【レポート】第3回計量社会学セミナー「R」勉強会
前村奈央佳(関西学院大学大学院社会学研究科研究員)
日時:2010年2月8日(月)10:30-16:00
場所:関西学院大学上ヶ原キャンパス 全学共用棟二階GPレンタルラボ
2月8日(月)は山口大学教育学部より小杉考司先生をお迎えして、統計パッケージ「R」の勉強会を開催しました。参加者は社会学研究科内外から20名を越える方々が集まり、にぎやかな会となりました。初心者対象、たった1日の勉強会ということもあり、Rの基本となる使い方と、さまざまな分析に応用する際の調べ方を中心に教えていただきました。
Rの良い点は、(先生の表現をお借りすれば)「Rと会話しながら」使用者が能動的に分析を行う仕組みになっていることだと思います。近年の統計ソフトの進化によって、研究者は分析過程や結果に対して、気づかぬうちに「受動的」になってしまいがちです。コンピューターがあまりにも速いスピードで複雑な分析をしてくれるので、初心者のうちから某統計ソフトに慣れてしまっていた筆者は、今なぜその分析が必要なのかを考える前にソフトを走らせている・・・・ということも多々ありました。そういった意味で、分析プログラムを描いていくRの方法は一見とっつきにくいようで、むしろ統計の初学者にとっても優れているのではないかと思います。

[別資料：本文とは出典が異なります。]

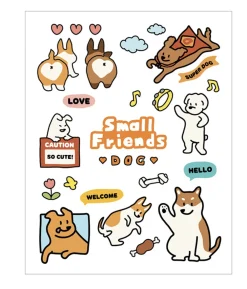 Small Friends UV Deco Sticker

また、何といっても便利な点は、Rのパッケージが無料でダウンロードできるところです。経済的な問題でこれまで分析法に制約が課せられていた研究者たちも、これからは同じスピードと分析の精度をもって研究を発表していくことが可能になります。ネパールの統計セミナーが、これまで暗黙のうちに存在していた分析手段の垣根を壊す第一歩となることを期待しています。